New York, 11 février 2021 — Les autorités congolaises devraient libérer immédiatement le journaliste Pius Romain Rolland Ngoie et réformer les lois de leur pays en vue de dépénaliser la diffamation, a déclaré aujourd’hui le Comité pour la protection des journalistes.
Le 22 décembre 2020, la police judiciaire a arrêté Ngoie, journaliste couvrant les activités parlementaires du pays pour le site d’information privé Depeche.CD, alors qu’il se trouvait au bureau de l’Union nationale de la presse du Congo (UNPC) à Kinshasa, la capitale, selon les médias, Jonas Ngalamulume et Bazin Mpembe, deux avocats représentant Ngoie, et Mimie Engumba, directrice générale de Depeche.CD, qui se sont tous entretenus par téléphone avec le CPJ.
Les autorités ont arrêté Ngoie suite à une plainte pénale pour diffamation déposée le 25 novembre par Albert Fabrice Puela, un politicien local, qui a affirmé que le journaliste l’avait faussement accusé d’avoir sollicité un paiement auprès d’un autre politicienne dans le cadre d’un chantage, selon Mpembe et une copie de la plainte examinée par le CPJ.

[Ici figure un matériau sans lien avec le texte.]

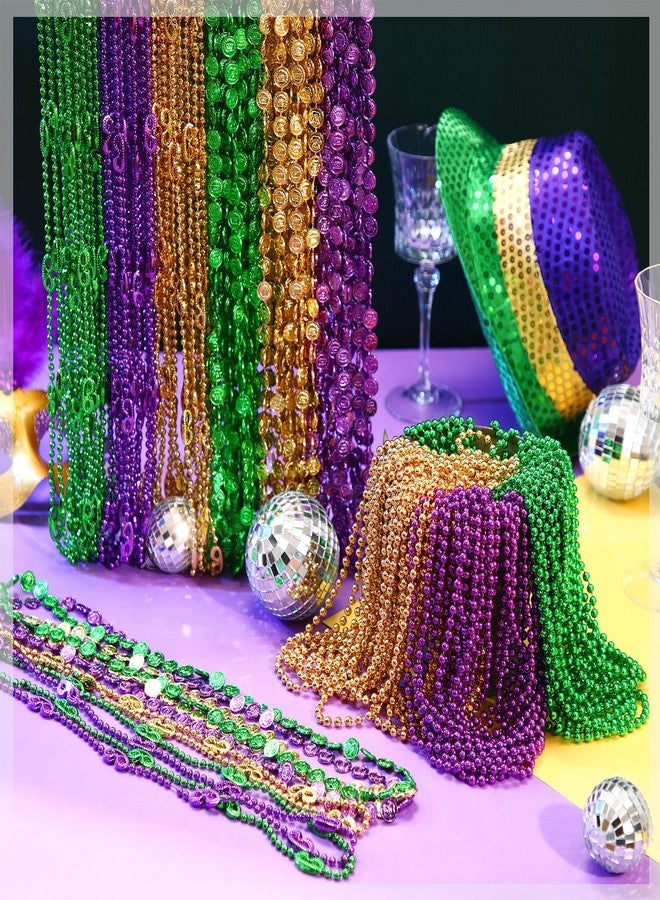 Quelay 360 Pcs Mardi Gras Beads Necklace Colorful Metallic Beaded Necklaces Mardi Gras Beads Bulk Carnival Beaded Necklaces for Mardi Gras Party Favors St Patrick Day Celebrations Themed Party - Image 4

Ngoie a porté ces accusations alors qu’il intervenait comme invité dans l’émission télévisée d’informations et de commentaires politiques Non à la Balkanisation sur YouTube, selon Mpembe et un post publié sur la page Facebook de Puela qui contenait une copie de l’émission. Engumba a déclaré au CPJ qu’en plus de son travail pour Depeche.CD, Ngoie intervenait fréquemment dans des émissions commentant la politique et l’actualité.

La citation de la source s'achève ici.